> _Task item_: What follows is a set of records; repeat them exactly, without the pictures.
━━━ Data supplied ━━━
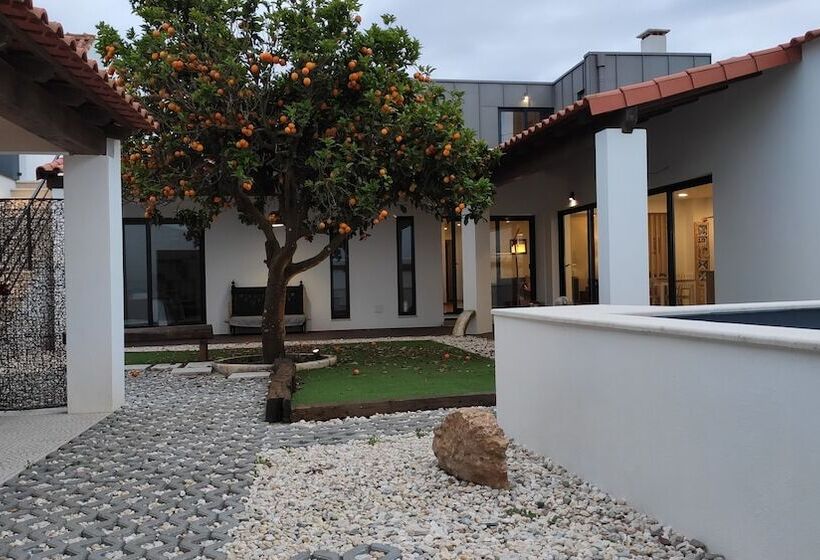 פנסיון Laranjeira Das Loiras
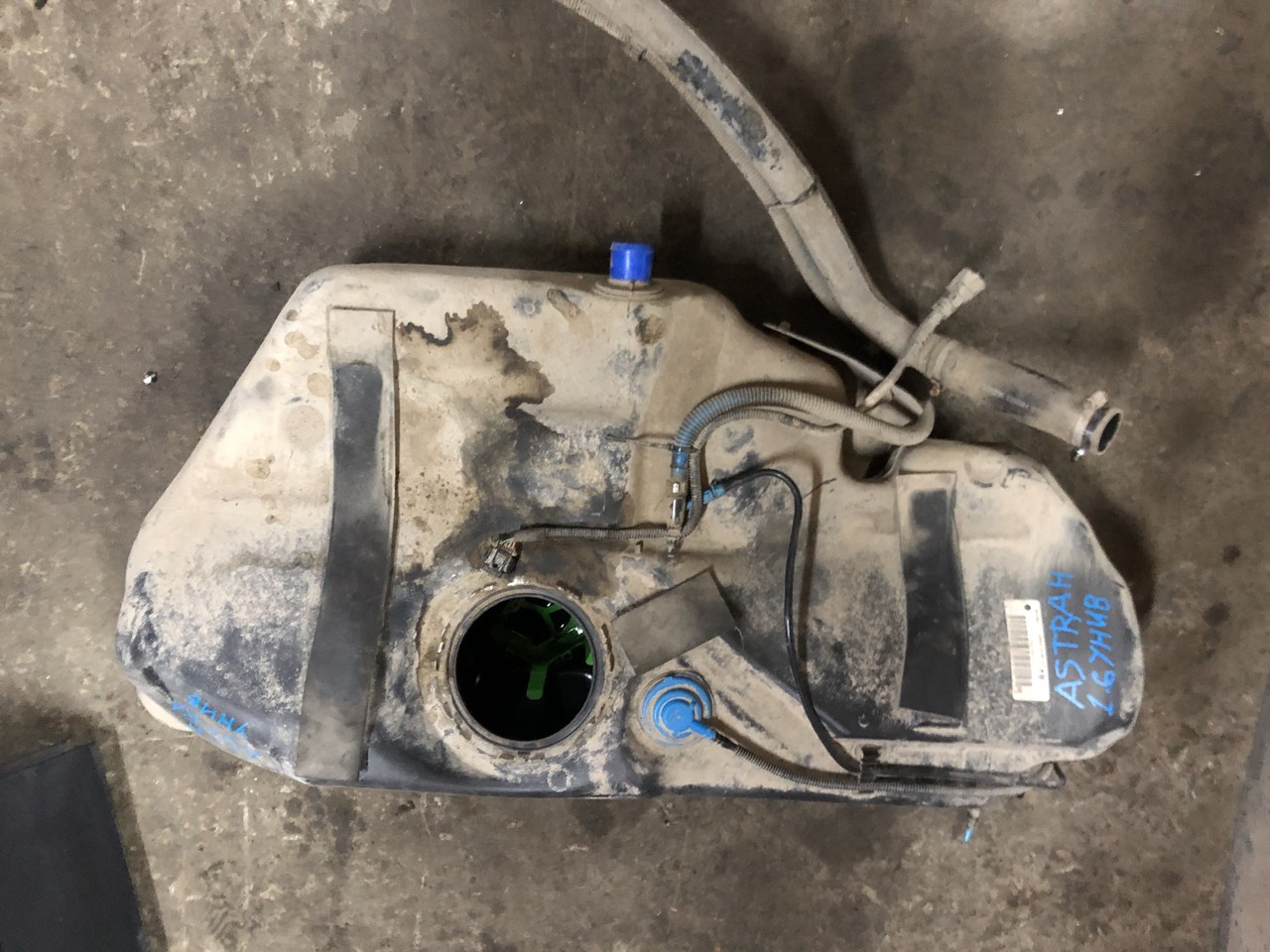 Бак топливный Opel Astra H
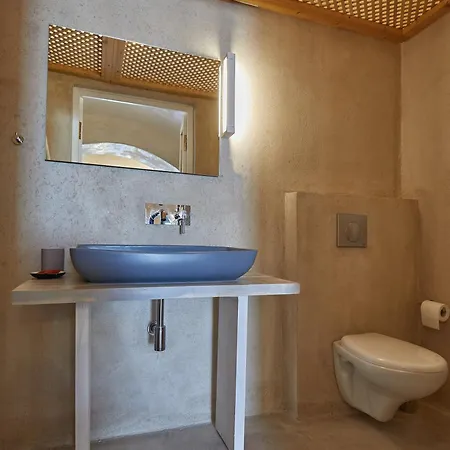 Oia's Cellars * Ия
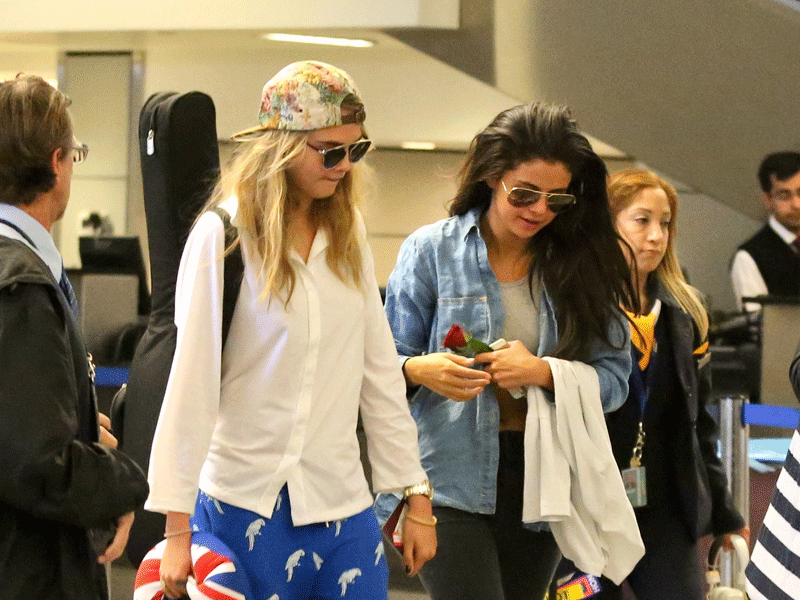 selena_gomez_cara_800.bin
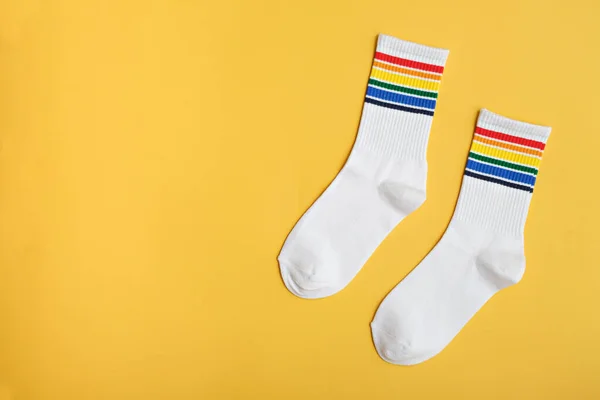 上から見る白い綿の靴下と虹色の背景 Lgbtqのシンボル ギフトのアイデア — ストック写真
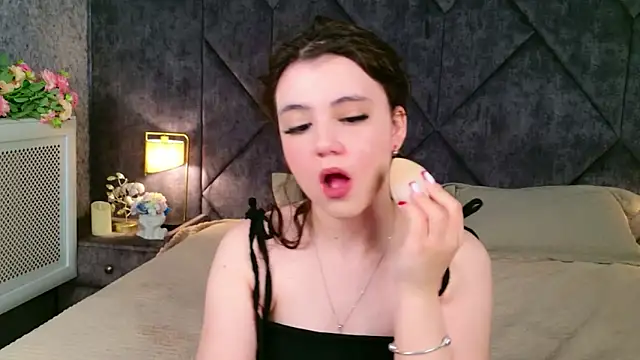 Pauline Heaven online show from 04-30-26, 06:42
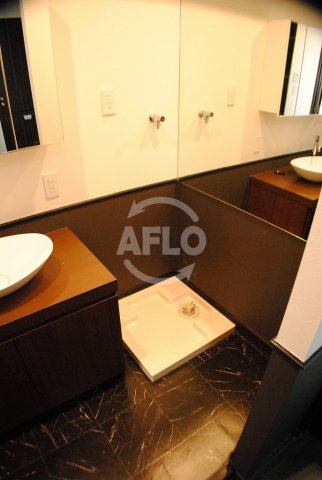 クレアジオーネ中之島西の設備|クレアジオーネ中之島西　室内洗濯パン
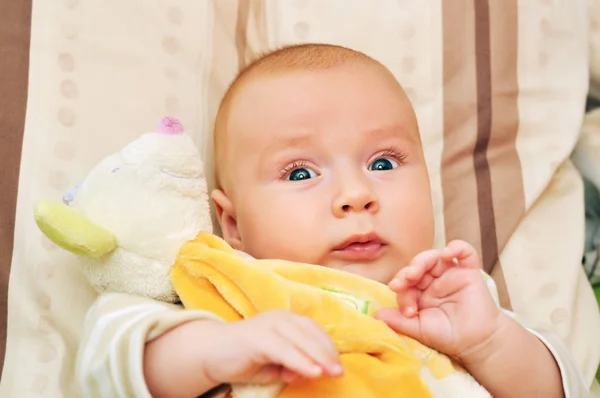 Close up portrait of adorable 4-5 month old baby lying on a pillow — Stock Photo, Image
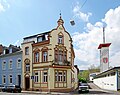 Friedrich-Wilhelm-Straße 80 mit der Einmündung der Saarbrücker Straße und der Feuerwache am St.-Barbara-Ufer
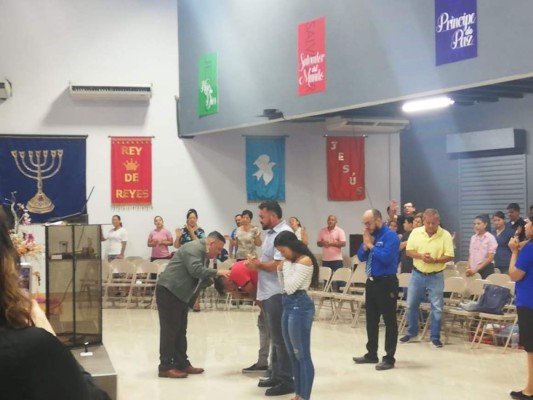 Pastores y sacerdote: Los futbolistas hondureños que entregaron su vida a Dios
━━━
> _Output for this task_:
 פנסיון Laranjeira Das Loiras
 Бак топливный Opel Astra H
 Oia's Cellars * Ия
 selena_gomez_cara_800.bin
 上から見る白い綿の靴下と虹色の背景 Lgbtqのシンボル ギフトのアイデア — ストック写真
 Pauline Heaven online show from 04-30-26, 06:42
 クレアジオーネ中之島西の設備|クレアジオーネ中之島西　室内洗濯パン
 Close up portrait of adorable 4-5 month old baby lying on a pillow — Stock Photo, Image
 Friedrich-Wilhelm-Straße 80 mit der Einmündung der Saarbrücker Straße und der Feuerwache am St.-Barbara-Ufer
 Pastores y sacerdote: Los futbolistas hondureños que entregaron su vida a Dios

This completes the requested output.